Look at the image above to drive the point home. it’s one of my wired test-runs to USB-attached storage on the Rapture. Those results are with a Steam download happening in the background. The results are nearly identical to what I recorded in the official benchmark results with nearly idle network traffic. The ROG Rapture didn’t even break a sweat.
Overall, the ROG Rapture is an easy Editor’s Choice for me. It was the only router that could take a licking and keep on ticking in our demanding testing environment. At $380 retail, it’s not cheap at all, but nothing else had what it took to do the job. It’s unapologetically extreme and all the better for it.
Verdict: Blue Cave
While it’s still fresh in your mind, let’s look at the same Steam-download-plus-CrystalDiskMark test result from the Blue Cave. It’s a good illustration of some of the other problems I found with Asus’ square donut.

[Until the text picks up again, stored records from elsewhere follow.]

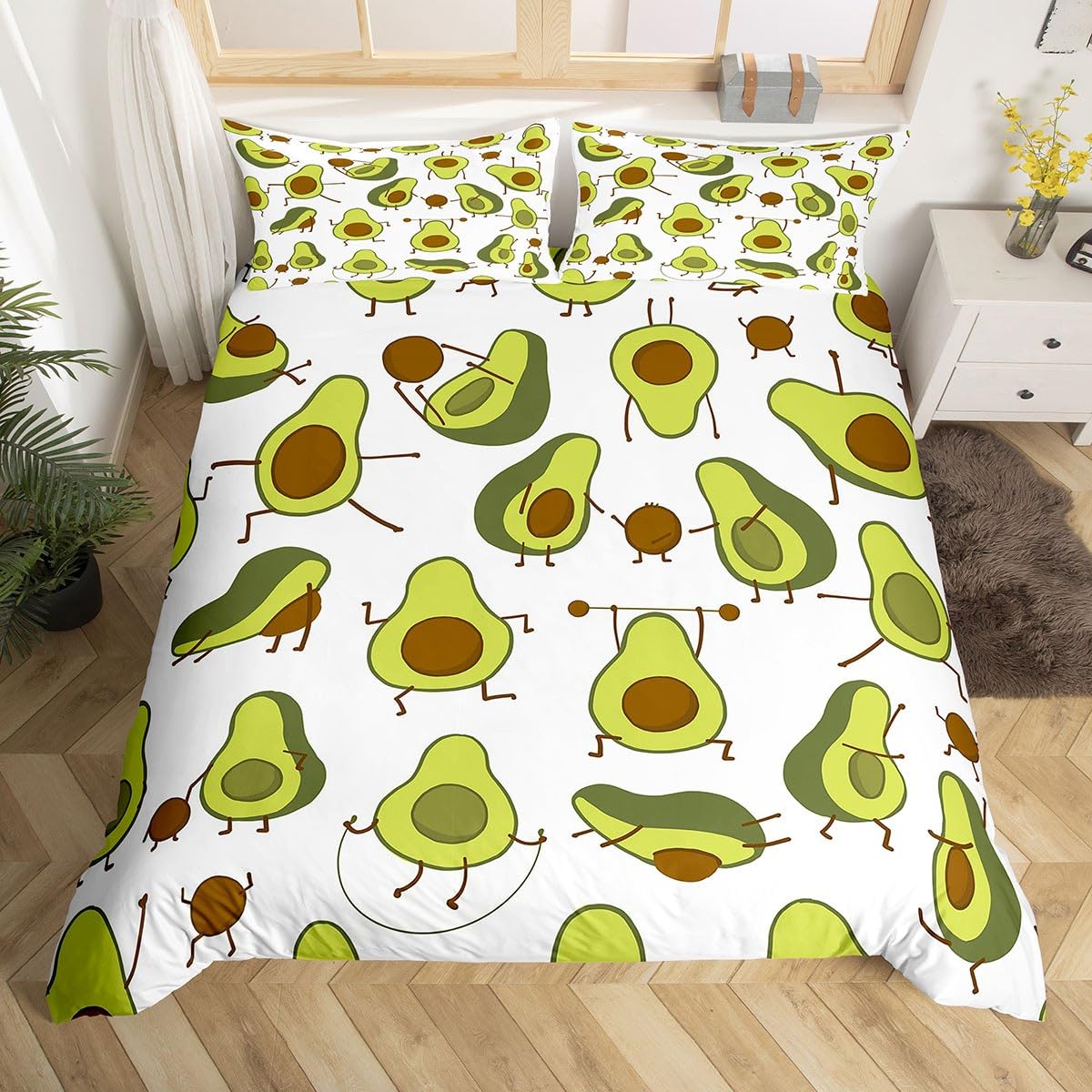 Loussiesd Cute Avocado Bedding Set for Girls Boys Kids Cartoon Sports Avocado Comforter Cover Set Kawaiiative Duvet Cover Lovely Fruit Bedding & Linen King Size 3Pcs Bedclothes โ image 1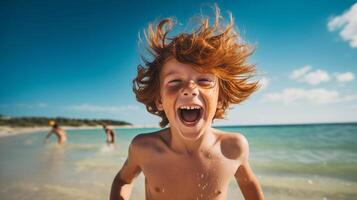 AI generated a ginger boy happily enjoying himself on a sunny beach during a warm day photo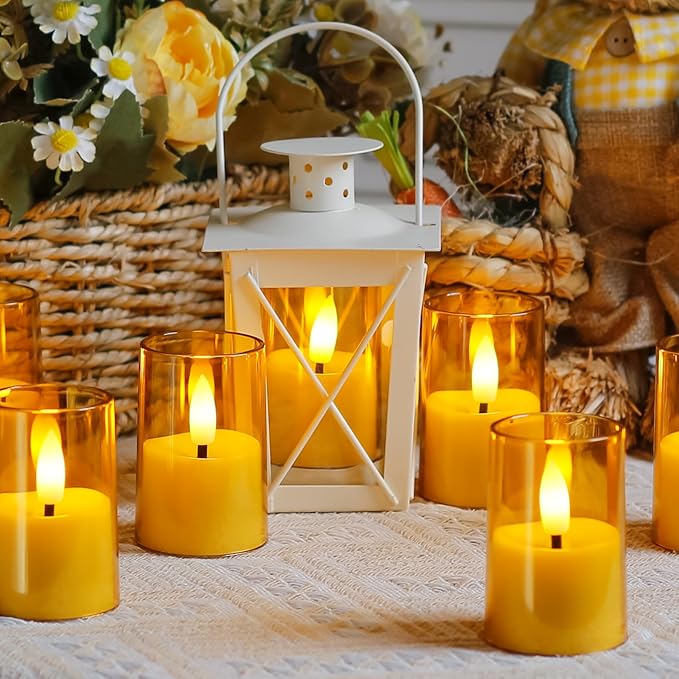 Flameless Small Tea Light LED Candles, Acrylic Battery Operated Votive 1.7" x2.5" with Remote Control and Timer, Tealight Amber Flickering Warm Light Pack of 8 Electric Long Lasting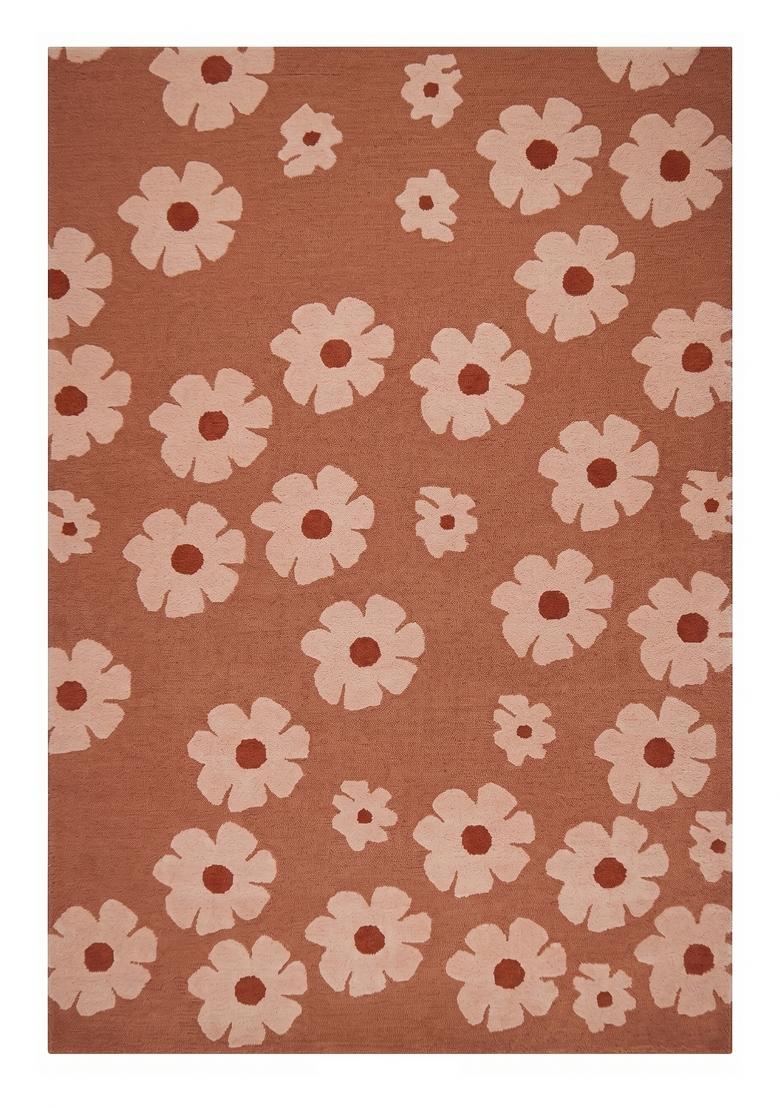 Saffron Rugs Hand Tufted Terracotta Brown Floral Contemporary Rectangular Wool Area Rug - Indya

Yeah, those numbers don’t line up quite so well with the nearly idle network traffic numbers in the earlier graphs. The good news is that my Steam download proceeded at full speed, but at the expense of USB attached storage performance. However, people in the house complained about lag whenever I ran these tests, so while the raw download speed was unhindered, there were other latency-related penalties caused by this workload on the Blue Cave. How much this weakness should worry you depends on how highly you value quasi-NAS functionality from your router. In the image below, you can see that it’s more than just a synthetic problem, though.
Ignore the Twitch stats, this screenshot was taken before I realized the Twitch buffering glitch was universal.
In that image, I’m downloading a game from Steam, watching a Twitch stream, and copying a file to the USB-attached storage. Both the Steam download and file copy function alone were observed to peg one of the CPU cores at 100%. With both running at the same time, the file copy speed crashes. For some reason, core three on the Blue Cave always took the workload while cores one and two figuratively took the day off. One other bit of weirdness when it comes to the USB attached storage that’s specific to the Blue Cave: I could only see the drive from my PC when I enabled SMB 1.0. That’s not exactly a recommend practice these days.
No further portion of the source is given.